And so it begins.

11 03 2008

It is beginning.

Today marked yet another successful launch of that overly complex yet hugely useful piece of American technological sophistication the Space Shuttle. Yes, the Endeavor blasted through low cloud cover in a night launch to bring the first piece of the Japanese Space Station Module Kibo into orbit and attach it to that other piece of scientific bondoggle the ISS. Unfortunately for us, however, this is not the only thing aboard the Shuttle.

No, NASA could not leave well enough alone, and this time they got the Canadians in on it. Indeed, aboard the Shuttle is a piece of equipment so insidious that they didn’t press-release it until very soon before the launch. This item is called DEXTRE, and it is a robot.

A

ROBOT

Now many people will assume that it was an inevitability that a robot would be launched into orbit, and many people would be correct. That being said, I feel that not enough is being made of the fact that the precursor to our future titanium-skinned overlords will soon be floating through space, its gleaming robot eye looking downward on our cities and weeping oily robot tears at the possibilities presented by its situation. Yes, this cybernetic monstrosity is connected to the space station. True, it is not an intelligent automaton, instead existing as a remotely operated tool of the NASA space station maintenance team.

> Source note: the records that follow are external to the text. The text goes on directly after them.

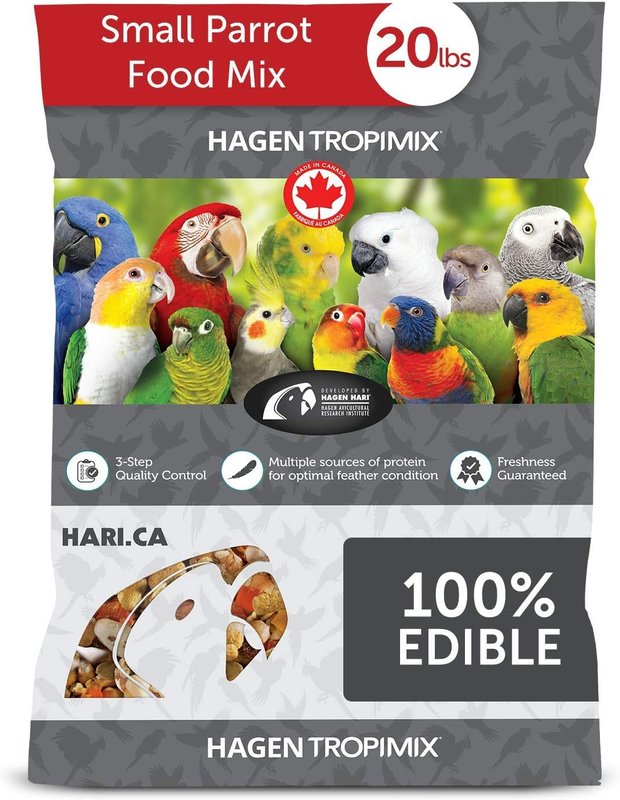 Tropimix Small Parrots Formula Handle Bag, 20-Pound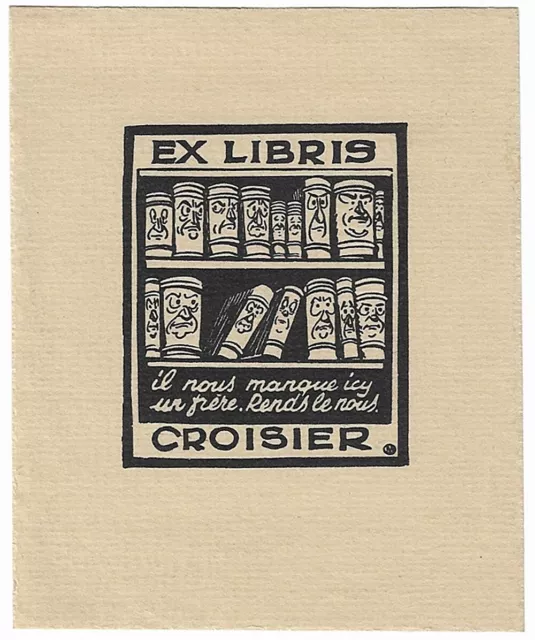 ANONYM: Exlibris für Croisier
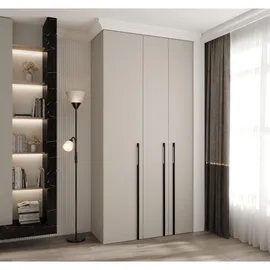 abiks möbel Drehtürenschrank COMO 120 x 245,5 x 50 cm Schwarz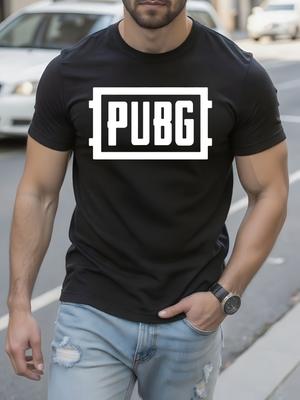 PUBG Grafik T-Shirt Grafik T-Shirt - Schwarz Lässig Rundhals...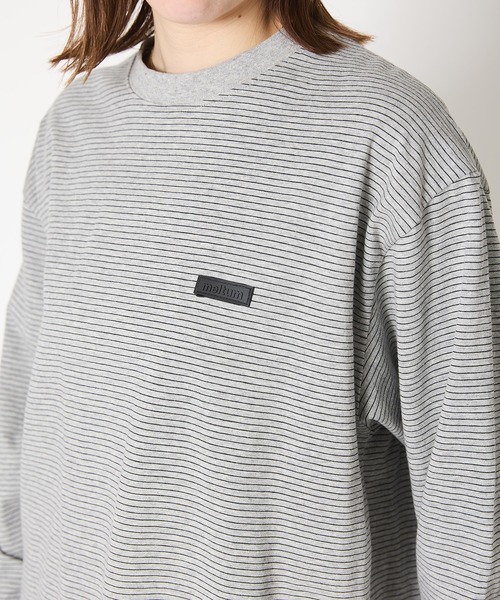 meltum(メルタム)の「BORDER L/S T-SHIRT(Tシャツ/カットソー・メンズ・ネイビー/グレー/ブラック・LARGE/X-LARGE/MEDIUM)」の14枚目の写真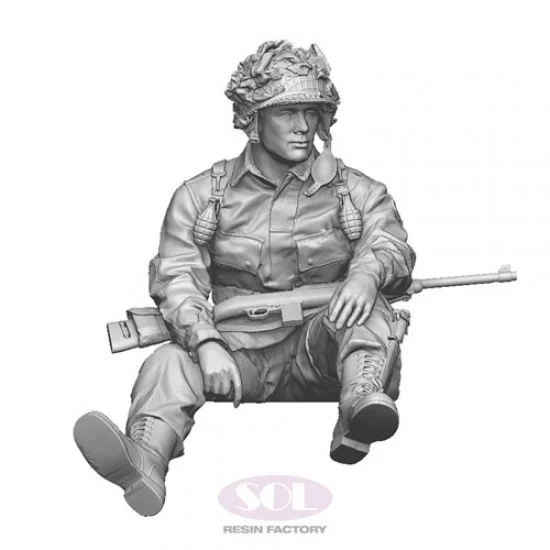 SOL Resin Factory MM735 1/35 WWII US Army Airborne #3 (3D printed kit) - Model Figures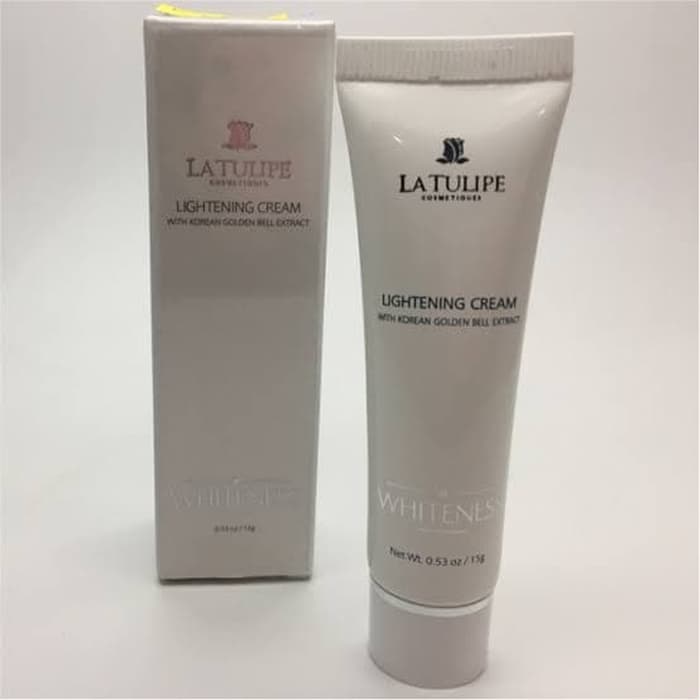 la tulipe lightening cream / cream sore untuk flek hitam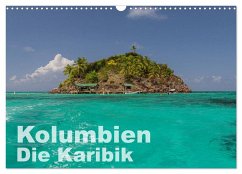 Cover Kolumbien - Die Karibik (Wandkalender 2026 DIN A3 quer), CALVENDO Monatskalender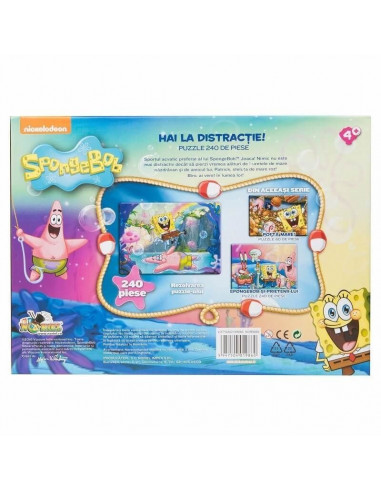 Spongebob, Puzzle Noriel Hai La Distractie!, 240 Piese,NOR9860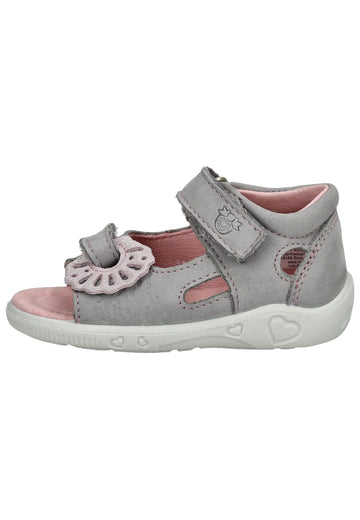 Pepino Sandalen Leder Grau/Rosa - surf4shoes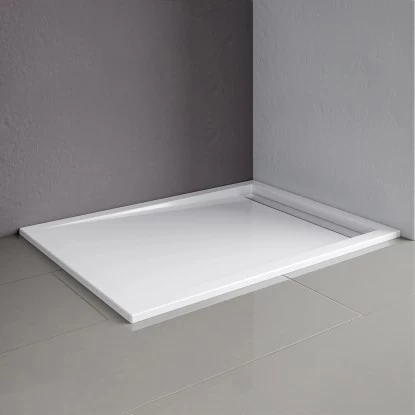 Schulte ExpressPlus Duschwanne Mit Rinne Extraflach 90x100cm 2 Schulte ExpressPlus Duschwanne Mit Rinne Extraflach 90x100cm – Bild 2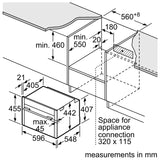 Neff N 90 C24FS31G0B, Built-in compact oven with steam function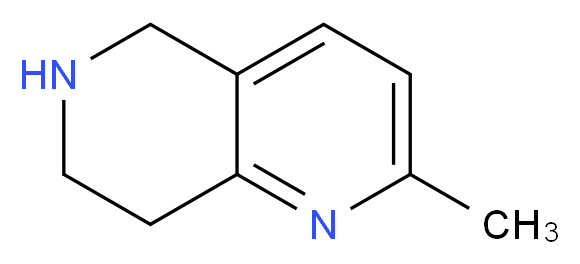2-methyl-5,6,7,8-tetrahydro-1,6-naphthyridine_Molecular_structure_CAS_83081-93-0)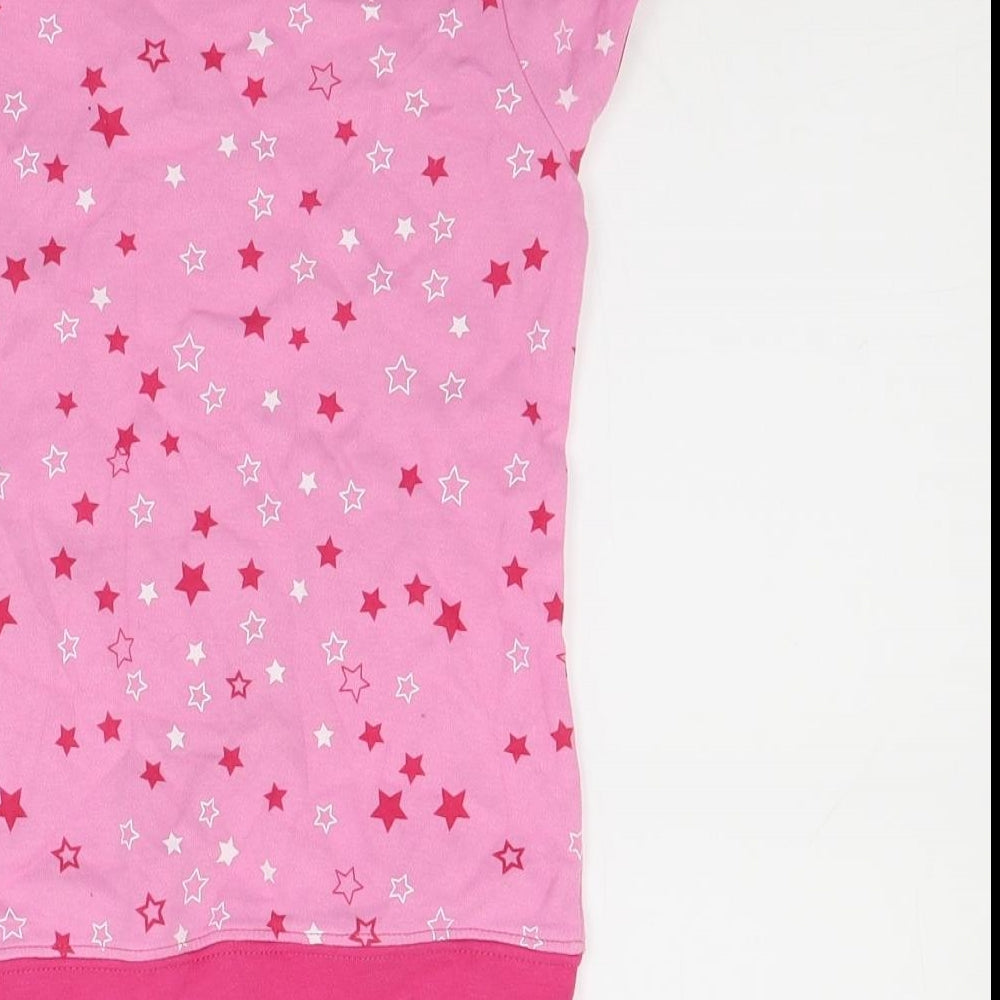 EA Girls Pink  Jersey Basic T-Shirt Size 6-7 Years  - Stars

That is not the point. Look at this thing!

“Force moment sensor?” “Power data grapple fixture?” “Latching End Effector?” “Electronics Platform?!” This thing has more acronyms than Devo has crappy songs.

Despite this things fairly innocuous purported uses, it looks like a bastard lovechild between HAL 9000 and V.I.N.C.E.N.T. from Disney’s The Black Hole. Despite that, who is to say that a rogue cosmonaut could not switch out one of his arms with a giant laser, beginning a cycle of orbital doom that culminates in our ultimate enslavement by the robot army? No one, that’s who.

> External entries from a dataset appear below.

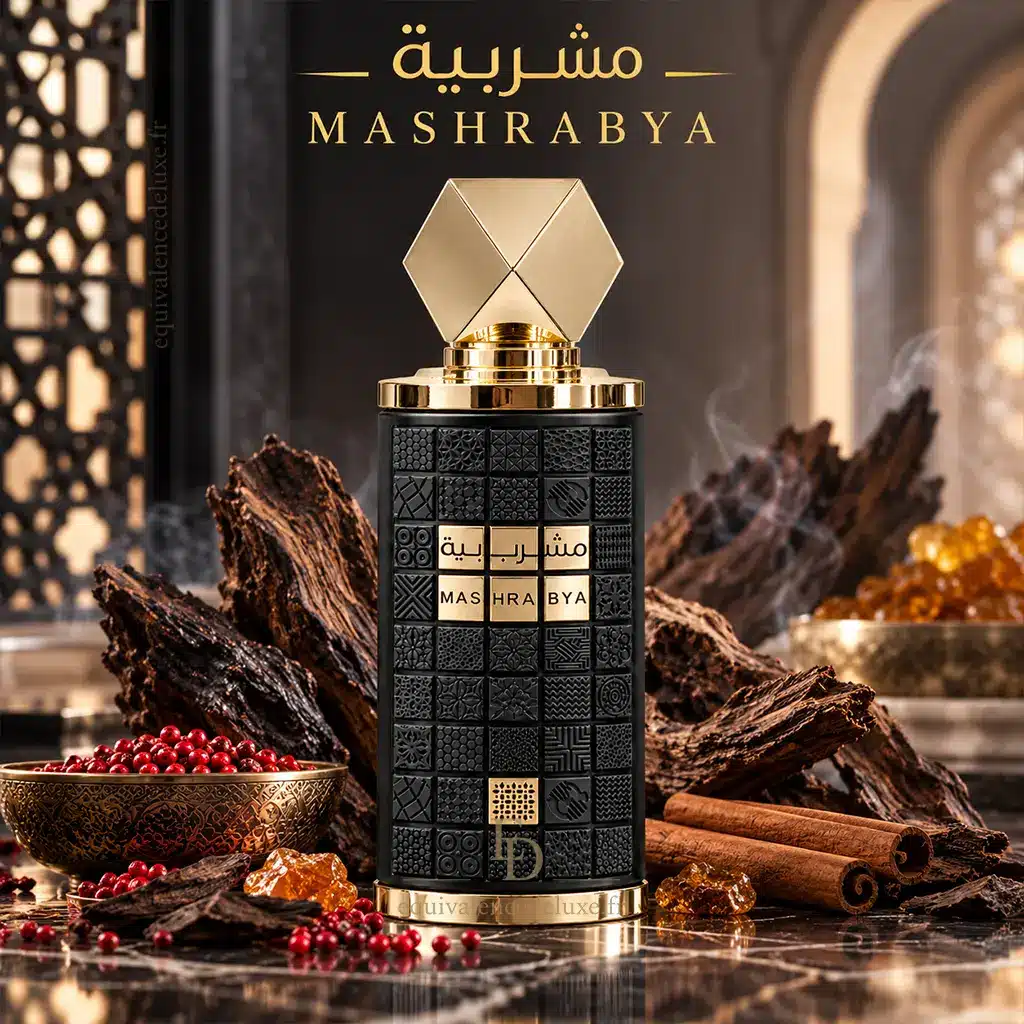 Mashrabya Lattafa – Eau de Parfum Mixte 100 ml 3 Flacon Mashrabya Lattafa 100 ml parfum mixte oriental vanillé aux notes de pomme, tabac, caramel et vanille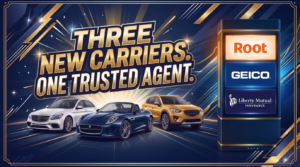 Three New Carriers. One Trusted Agent. Cronin Insurance now offers GEICO, Liberty Mutual, and Root car insurance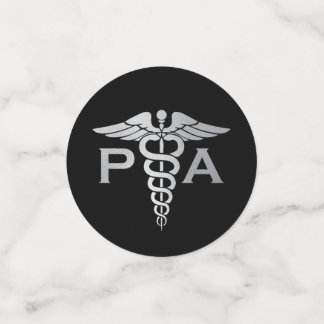 Confettis Physician Assistant PA Graduation Black Silver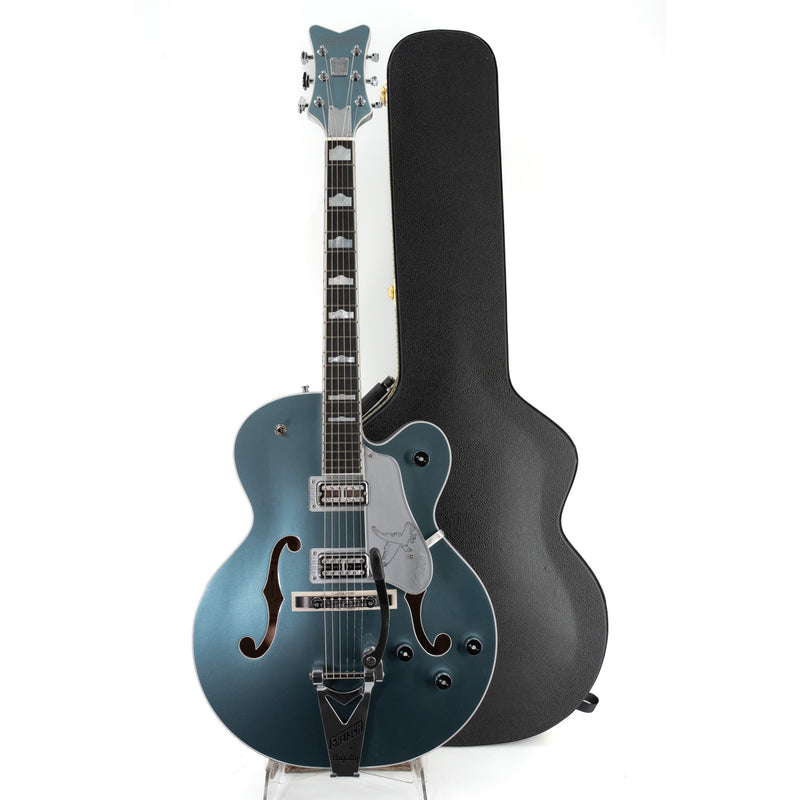 Gretsch G6136T-140 Limited Edition 140th Double Platinum Falcon - Two Tone Stone Platinum/Pure Platinum - Ser. JT23010390 - Used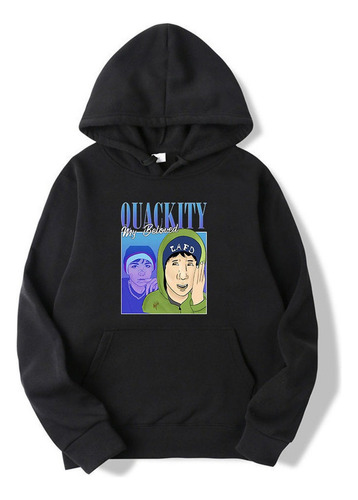 Quackity My Beloved Merch Cartoonface Impresión De Pareja Gr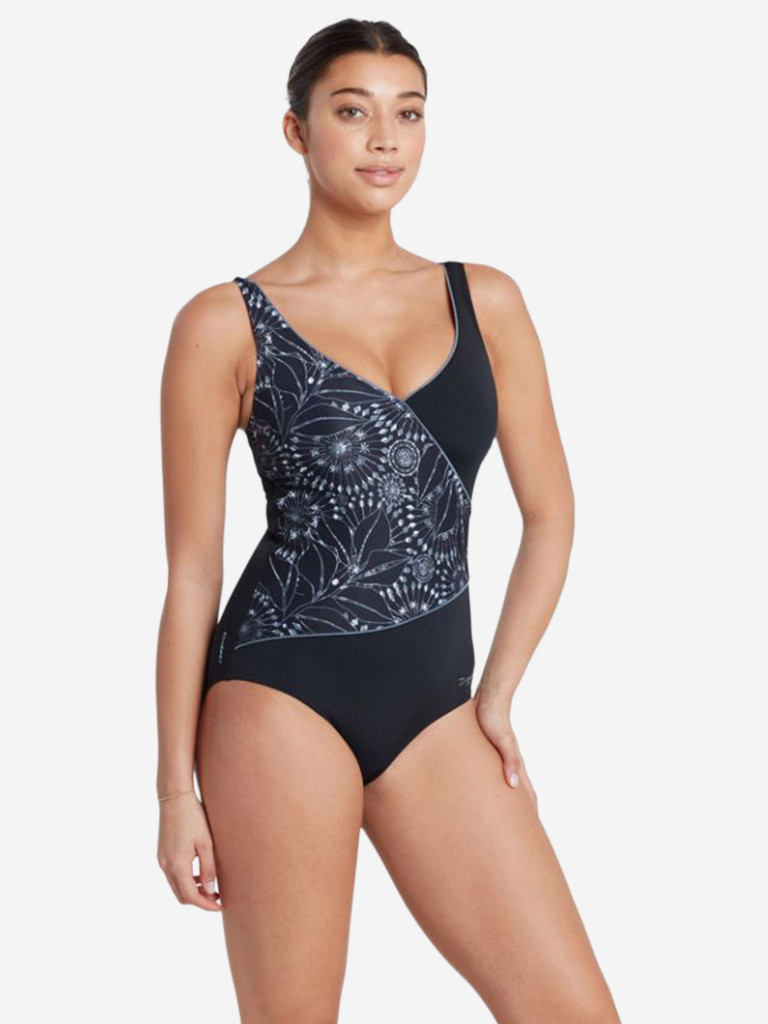 Купальник слитный с чашечками ZOGGS Stellar Wrap Front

Now there are going to be neigh-sayers out there who think that I am over-reacting. Likewise there is at least one person who is going to agree that this is going to happen, but is okay with it due to his continuous kowtowing and pandering to the forces of mechanized doom (you know who you are).

You are all in the wrong… Im just saying; when bolts of maple syrup flavored high energy plasma (it’s a Canadian robot, remember?) start raining down on your heads from above and your radio starts emitting the ever-so-faint sound of synthesized laughter through the static, you will look to me for guidance and wont get any, because I will be hiding in a bunker, shaking my head in disbelief that more people didn’t listen.